And since then, America has struggled to rediscover a compelling patriotic language, though John F. Kennedy and Ronald Reagan made attempts. These days, patriotism has been domesticated into a set of innocuous rituals, largely affixed to sporting events. We sing the national anthem before baseball games. We chant “U-S-A” every two years at the Olympics. On Memorial Day, towns across the country hold parades at which Little Leaguers march waving small flags. Patriotic instincts probably run as deep in America as they ever have, it’s just that public expressions of patriotism tend to be nebulous.

Moreover, the shapelessness of our patriotism seems symptomatic of a larger loss of definition throughout American culture. And many people, including McCain, seem to look to a new, crunchier patriotism as a way to heal our cultural woes.

America isn’t in a state of moral degradation and decay, as some of the Cassandras fear, but neither is it in a state that should make us content. If you drive around the country, looking into the cultural institutions of the middle class, you do not find widespread depravity or picturesque collapse reminiscent of the last days of Rome. Instead you see a nation that is good-hearted and bourgeois, and nobody should castigate the bourgeois virtues since they are responsible for most of the good things around us. But if there is a flaw, it is that American society may now be too bourgeois; it is tranquil to a fault. It is, as many social critics have noticed, characterized by a pervasive non-judgmentalism. Alan Wolfe calls this small-scale morality; Allan Bloom called it easygoing nihilism. Whatever its name, it is radically anti-contentious. Americans today are suspicious of vehemence, of people who radiate certitude. American culture recoils from those who try to “impose” their opinions or lifestyles. It is unfriendly to those who seem too passionately attached to higher ideals or who otherwise threaten to shake things up.

The public leaders who succeed tend to be soggy synthesizers. Winning politicians today weave together divergent ideas and march under oxymoronic banners: compassionate conservatism, practical idealism. They no longer aggressively push hard-edged creeds, as their counterparts did during the confrontational Reagan-Thatcher era. Instead they hold genteel and pluralistic “national conversations.” They empathize. They aim to show they can bring people together, not drive them apart. Even in the heat of the impeachment fight, neither party wanted to appear guilty of “partisanship,” redefined as a political sin.

The current mood of squishy tranquillity may be a sign of instinctive conservatism. A little status-quoloving calm may be an appropriate response to a decade as prosperous as this one. It’s not the end of civilization if Americans withdraw for a few years from politics and crusades and enjoy their sport-utility vehicles, their Jewel CDs, and their organic lawn care products.

On the other hand, nobody is going to identify this decade as a high-water mark of American idealism. As social critics from time immemorial have reminded us, affluence carries its corruptions. When a people turn toward the easy comforts of private life, they inadvertently lose connection with higher, more demanding principles and virtues. “What worries me most,” Tocqueville wrote about America, “is the danger that, amid all the constant trivial preoccupations of private life, ambition may lose both its force and its greatness, that human passions may grow gentler and at the same time baser, with the result that the progress of the body social may become daily quieter and less aspiring.”
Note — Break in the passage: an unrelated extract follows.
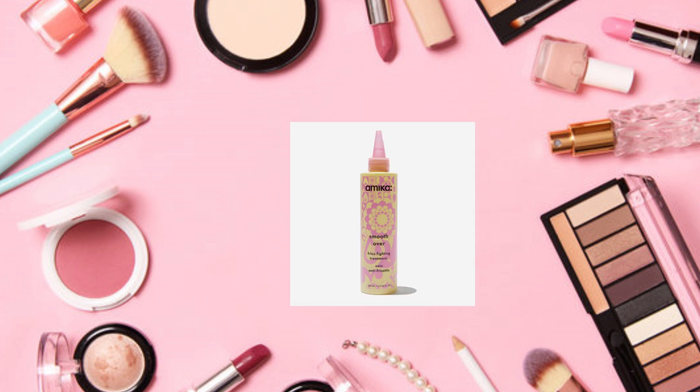I don't really see myself using that, so I'm going to pass on that. Another choice is the Amica Smooth Over frizz fighting treatment, a $32 value.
This seems to be what McCain and others are getting at when they speak of the enervation of the American spirit. The fear is that we have become a nation obsessed with risk avoidance and safety. We allow soft sentimentalism to replace demanding moral principles. We shrink our time horizon, becoming disconnected from our common past and less mindful of our future. We detach from public and political life and look on everything that does not immediately touch our own lives with an indifference that is laced with contempt. In short, in seeking to avoid the Scylla of overpoliticized turmoil, we may founder on the Charybdis of underpoliticized complacency.

McCain and others seem to sense that the way to combat some of these trends is to reattach people to the meaning of America, its highest ideals and transcendent glories. In other words, patriotism can serve as an antidote to the temptations of affluence. It can provide a counterpoint to enervation, inspiring people to live up to their principles. It can act as a counter-vailing force to excessive individualism, reminding people of their common bonds and reengaging Americans in national life. It can help inculcate virtue in the young. And it can protect against embourgeoisement, enlarging an otherwise pragmatic spirit that reduces life to the prosaic and mundane.
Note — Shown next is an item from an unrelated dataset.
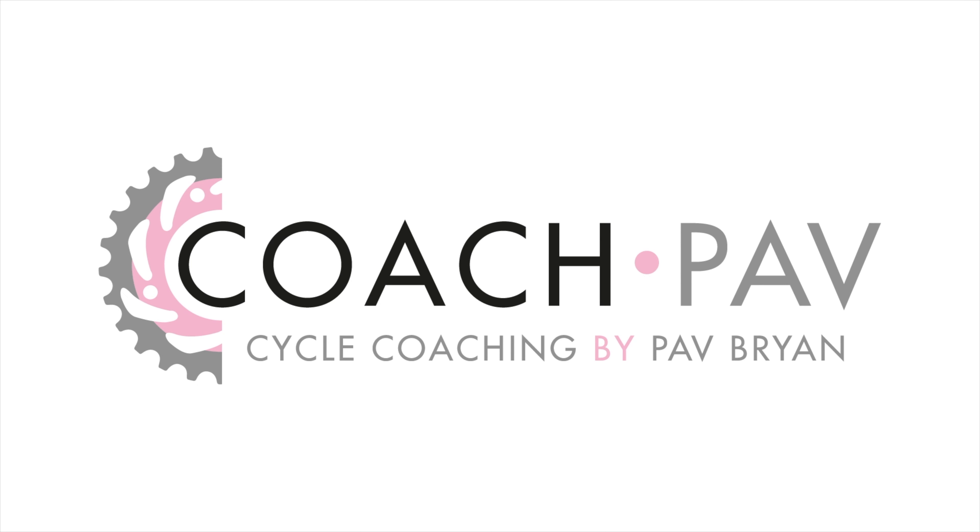Hi and welcome to my video. I'm Pav and today I'm going to be teaching you what an annual training plan is, why you need one, and how to go about setting it up.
It’s natural that Americans should look instinctively to patriotism as an alternative to many of these worrying cultural and political trends. We have done so before. A century ago, just as now, many Americans felt that the national spirit was being dissipated by affluence and comfort. Then, just as now, there was a widespread sense that life had become miniaturized and that all the grand causes were gone. For us, it is the end of the Cold War that makes the current challenges seem small and unheroic. For Americans a hundred years ago, it was the closing of the frontier and the fading memory of America’s great, just conflict, the Civil War. As America emerged as a wealthy industrial nation toward the end of the 19th century, her citizens were settling into middle-class lives. Commuter suburbs were springing up. And people were beginning to wonder whether they were losing the hardy virtues of their ancestors, the yeoman farmers and the sturdy pioneers. To many, the age seemed overcivilized, extravagant, and too self-regarding.
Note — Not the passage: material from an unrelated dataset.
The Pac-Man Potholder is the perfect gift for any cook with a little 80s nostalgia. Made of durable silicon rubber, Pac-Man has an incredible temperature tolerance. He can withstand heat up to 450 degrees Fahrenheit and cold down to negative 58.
So they were ready to listen when, at the 1893 Chicago World’s Fair, Frederick Jackson Turner delivered his famous lecture on the closing of the frontier. Turner argued that it was the pioneer experience that defined Americanism: “The frontier is the line of most rapid and efficient Americanization. The wilderness masters the colonist. It finds him a European in dress, industries, tools, modes of travel, and thought. It takes him from the railroad car and puts him in the birch canoe.” It was the act of settling a new land, and moving West to settle new territories, Turner continued, that bred all the distinctive qualities of the American character:

That coarseness and strength combined with acuteness and inquisitiveness; that practical, inventive turn of mind, quick to find expedients; that masterful grasp of material things, lacking in the artistic but powerful to effect great ends; that restless nervous energy; that dominant individualism, working for good and evil, and withal that buoyancy which comes with freedom — these are the traits of the frontier.

But the 1890 census, Turner noted, informed Americans that the frontier had closed. The land all the way to the Pacific had been settled. So, Turner wondered, what would happen to the American spirit now that there was no more wilderness to conquer. What of “American energy . . . continually demanding a wider field of exercise”?

Others wondered the same thing. And so there arose a myriad of patriotic organizations designed to revive in the young the ideals of sacrifice exemplified in the Civil War and the vigorous spirit of the pioneers.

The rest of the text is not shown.